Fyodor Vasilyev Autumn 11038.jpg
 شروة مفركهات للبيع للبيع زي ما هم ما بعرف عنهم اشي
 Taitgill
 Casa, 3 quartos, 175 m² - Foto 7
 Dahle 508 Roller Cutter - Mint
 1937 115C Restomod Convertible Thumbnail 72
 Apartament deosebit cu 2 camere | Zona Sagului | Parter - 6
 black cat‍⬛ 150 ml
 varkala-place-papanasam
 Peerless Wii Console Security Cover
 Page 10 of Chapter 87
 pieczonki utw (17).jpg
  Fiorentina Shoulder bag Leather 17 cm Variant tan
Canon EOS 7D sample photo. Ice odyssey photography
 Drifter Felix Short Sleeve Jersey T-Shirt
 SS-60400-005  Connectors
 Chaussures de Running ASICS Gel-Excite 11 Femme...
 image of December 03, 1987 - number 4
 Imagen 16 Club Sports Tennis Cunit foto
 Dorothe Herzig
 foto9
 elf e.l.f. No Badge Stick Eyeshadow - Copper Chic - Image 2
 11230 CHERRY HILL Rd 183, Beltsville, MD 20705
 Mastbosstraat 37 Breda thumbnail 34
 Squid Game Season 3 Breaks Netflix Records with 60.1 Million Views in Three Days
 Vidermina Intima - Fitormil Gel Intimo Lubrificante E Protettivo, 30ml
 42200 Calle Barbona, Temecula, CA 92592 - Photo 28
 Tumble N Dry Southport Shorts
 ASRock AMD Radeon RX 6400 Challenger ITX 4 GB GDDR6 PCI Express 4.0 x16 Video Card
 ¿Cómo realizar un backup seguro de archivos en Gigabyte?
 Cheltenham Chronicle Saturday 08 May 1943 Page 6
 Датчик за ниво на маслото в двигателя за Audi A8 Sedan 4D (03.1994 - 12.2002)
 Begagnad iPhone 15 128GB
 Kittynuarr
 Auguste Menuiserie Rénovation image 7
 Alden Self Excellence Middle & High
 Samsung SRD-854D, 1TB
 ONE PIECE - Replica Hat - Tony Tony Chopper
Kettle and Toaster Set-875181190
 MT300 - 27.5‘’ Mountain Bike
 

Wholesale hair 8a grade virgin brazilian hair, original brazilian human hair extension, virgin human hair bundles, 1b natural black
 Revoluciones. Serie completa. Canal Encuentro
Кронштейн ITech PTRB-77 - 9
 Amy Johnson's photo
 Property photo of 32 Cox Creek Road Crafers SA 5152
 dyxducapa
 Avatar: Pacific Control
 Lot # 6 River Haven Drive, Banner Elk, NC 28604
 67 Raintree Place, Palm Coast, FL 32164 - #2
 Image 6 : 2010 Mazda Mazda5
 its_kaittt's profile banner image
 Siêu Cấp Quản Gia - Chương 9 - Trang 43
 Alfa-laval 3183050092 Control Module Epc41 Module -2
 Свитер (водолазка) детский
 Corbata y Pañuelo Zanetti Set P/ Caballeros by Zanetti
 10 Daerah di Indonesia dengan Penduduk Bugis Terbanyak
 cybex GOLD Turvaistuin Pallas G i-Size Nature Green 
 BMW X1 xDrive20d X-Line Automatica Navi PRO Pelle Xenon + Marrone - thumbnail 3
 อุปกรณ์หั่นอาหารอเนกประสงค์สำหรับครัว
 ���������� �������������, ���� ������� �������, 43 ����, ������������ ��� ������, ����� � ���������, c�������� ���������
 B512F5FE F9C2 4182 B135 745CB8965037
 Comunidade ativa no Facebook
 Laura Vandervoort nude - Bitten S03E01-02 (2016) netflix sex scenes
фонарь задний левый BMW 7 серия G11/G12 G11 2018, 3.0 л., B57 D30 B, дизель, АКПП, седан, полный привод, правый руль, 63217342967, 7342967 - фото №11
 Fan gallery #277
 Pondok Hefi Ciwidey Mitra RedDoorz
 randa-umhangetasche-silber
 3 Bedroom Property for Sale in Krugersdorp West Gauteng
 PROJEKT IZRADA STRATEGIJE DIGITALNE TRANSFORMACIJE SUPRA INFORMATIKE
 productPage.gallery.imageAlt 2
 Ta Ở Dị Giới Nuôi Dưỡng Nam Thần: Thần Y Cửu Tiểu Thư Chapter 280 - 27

━━━━━━━━━━━━━━━━

When you retype the data above, start at its first line, stop after the line containing "Chaussures de Running", and leave out everything else.

Fyodor Vasilyev Autumn 11038.jpg
 شروة مفركهات للبيع للبيع زي ما هم ما بعرف عنهم اشي
 Taitgill
 Casa, 3 quartos, 175 m² - Foto 7
 Dahle 508 Roller Cutter - Mint
 1937 115C Restomod Convertible Thumbnail 72
 Apartament deosebit cu 2 camere | Zona Sagului | Parter - 6
 black cat‍⬛ 150 ml
 varkala-place-papanasam
 Peerless Wii Console Security Cover
 Page 10 of Chapter 87
 pieczonki utw (17).jpg
  Fiorentina Shoulder bag Leather 17 cm Variant tan
Canon EOS 7D sample photo. Ice odyssey photography
 Drifter Felix Short Sleeve Jersey T-Shirt
 SS-60400-005  Connectors
 Chaussures de Running ASICS Gel-Excite 11 Femme...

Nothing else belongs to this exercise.